This course is part of the doctoral program in astronomy at the Department of Physics and Astronomy at the University of Porto. The course title is "Topics on Methods and Modelling in Astrophysics". The course is divided in two parts. March 6-10 we have lectures from 10:00 to 13:00 each day, while March 13-17 is dedicated to a practical problemset provided in the lectures.
The aim of this course is to get a good practical grasp of machine learning. I will not spend a lot of time on algorithm details but more on how to use these in python and try to discuss what methods are useful for what type of scientific question/research goal.
- March 6 - Managing data and simple regression
-
- Covering git and SQL
- Introducing machine learning through regression techniques.

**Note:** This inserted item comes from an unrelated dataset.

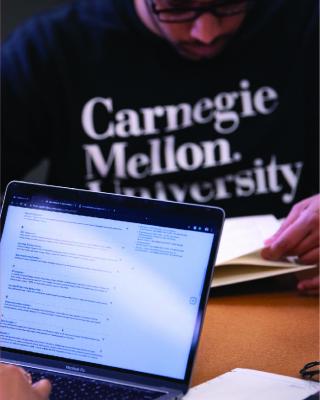 Image of CMU student using laptop.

- March 7 - Visualisation and inference methods
-
- Visualisation of data, do's and don't's
- Classical inference
- Bayesian inference
- MCMC
- March 8 - Density estimation and model choice
-
- Estimating densities, parametric & non-parametric
- Bias-variance trade-off
- Cross-validation
- Classification
- March 9 - Dimensional reduction
-
- Standardising data.
- Principal Component Analysis
- Manifold learning
- April 10 - Ensemble methods, neural networks, deep learning
-
- Local regression methods
- Random forests and other boosting methods
- Neural networks & deep learning
I expect that you have read through these two documents:
-
A couple of Python & Topcat pointers. This is a very basic document and might not contain a lot of new stuff. It does have a couple of tasks to try out - the solution for these you can find in the [ProblemSets/0 - Pyton and Topcat](ProblemSets/0 - Pyton and Topcat) directory.
-
A reminder/intro to relevant math contains a summary of some basic facts from linear algebra and probability theory that are useful for this course.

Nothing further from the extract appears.